Todavia, levada a problemática ao STF por meio de recurso extraordinário – já que as normas sobre iniciativas reservadas na Constituição Estadual são de reprodução obrigatória da Constituição Federal (STF, RE nº 650.898/RS) –, o relator, Min. Gilmar Mendes, afirmou que “O Supremo Tribunal Federal firmou o entendimento no sentido de que as hipóteses de limitação da iniciativa parlamentar estão taxativamente previstas no art. 61 da Constituição, que trata da reserva de iniciativa de lei do Chefe do Poder Executivo.
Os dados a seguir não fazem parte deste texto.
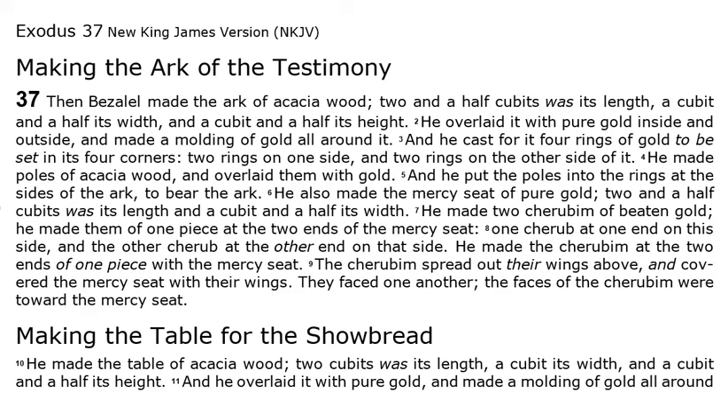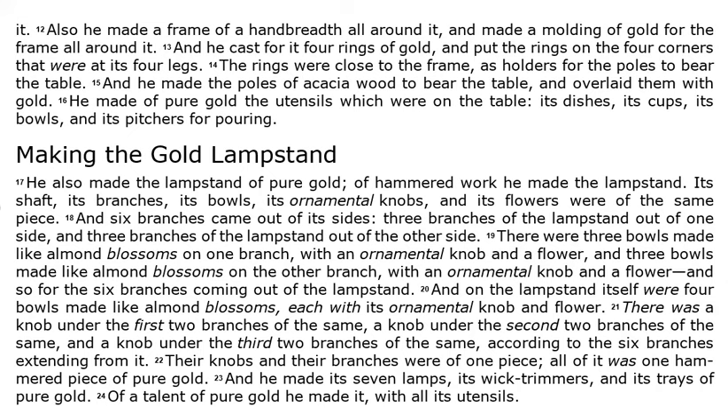He made the table of acacia wood. Two cubits was its length, a cubit its width, and a cubit and a half its height. And he overlaid it with pure gold, and made a moulding of gold all around it. Also, he made a frame of a handbreadth all around it, and made a moulding of gold for the frame all around it. And he cast for it four rings of gold, and put the rings on the four corners that were at its four legs. The rings were close to the frame, as holders for the poles to bear the table. And he made the poles of acacia wood to bear the table, and overlaid them with gold.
Não se permite, assim, interpretação ampliativa do citado dispositivo constitucional, para abarcar matérias além daquelas relativas ao funcionamento e estruturação da Administração Pública, mais especificamente, a servidores e órgãos do Poder Executivo.”

Prosseguindo em seu voto, o Min. Gilmar Mendes afirmou que “No caso em exame, a lei municipal que prevê obrigatoriedade de instalação de câmeras de segurança em escolas públicas municipais e cercanias não cria ou altera a estrutura ou a atribuição de órgãos da Administração Pública local nem trata do regime jurídico de servidores públicos”, motivo pelo qual não se vislumbrou nenhum vício de inconstitucionalidade formal na legislação impugnada (Lei Municipal nº 5.616, de 16 de agosto de 2013).
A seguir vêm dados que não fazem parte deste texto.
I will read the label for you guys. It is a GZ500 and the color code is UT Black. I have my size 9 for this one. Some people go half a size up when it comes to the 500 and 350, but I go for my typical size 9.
O julgador sustentou que “a proteção aos direitos da criança e do adolescente qualifica-se como direito fundamental de segunda dimensão que impõe ao Poder Público a satisfação de um dever de prestação positiva destinado a todos os entes políticos que compõem a organização federativa do Estado brasileiro, nos termos do art. 227 da Constituição.” Por fim, no mérito do recurso extraordinário, votou pela procedência para reafirmar a jurisprudência do STF no sentido de que “não usurpa a competência privativa do Chefe do Poder Executivo lei que, embora crie despesa para a Administração Pública, não trata da sua estrutura ou da atribuição de seus órgãos nem do regime jurídico de servidores públicos (art. 61, § 1º, II, ‘a’, ‘c’ e ‘e’, da Constituição Federal).”

O Recurso Extraordinário com Agravo (ARE nº 878.911), ao final, teve o pedido julgado procedente para julgar constitucional a Lei Municipal nº 5.616/13, do Município do Rio de Janeiro, que torna obrigatória a instalação de câmeras de monitoramento de segurança nas dependências e cercanias de todas as escolas públicas municipais.

O recente entendimento, firmado em outubro de 2016 pelo Supremo Tribunal Federal, órgão responsável pela guarda da Constituição (artigo 102, caput, CF), sem dúvidas ecoa por todos os tribunais brasileiros, especialmente porque manifestado em julgamento de recurso constitucional extraordinário, com o reconhecimento da repercussão geral (existência de questão relevante do ponto de vista econômico, político, social ou jurídico que ultrapassa os interesses subjetivos do processo – artigo 1.035, § 1º, NCPC). Não há posicionamentos do Tribunal de Justiça do Rio Grande do Sul sobre a matéria após o julgamento do ARE nº 878.911/RJ, mas deve ser levado em consideração que o órgão de maior escalão do Poder Judiciário no Brasil já declarou a constitucionalidade de lei municipal idêntica ao conteúdo do Projeto de Lei nº 087/2018, de origem parlamentar.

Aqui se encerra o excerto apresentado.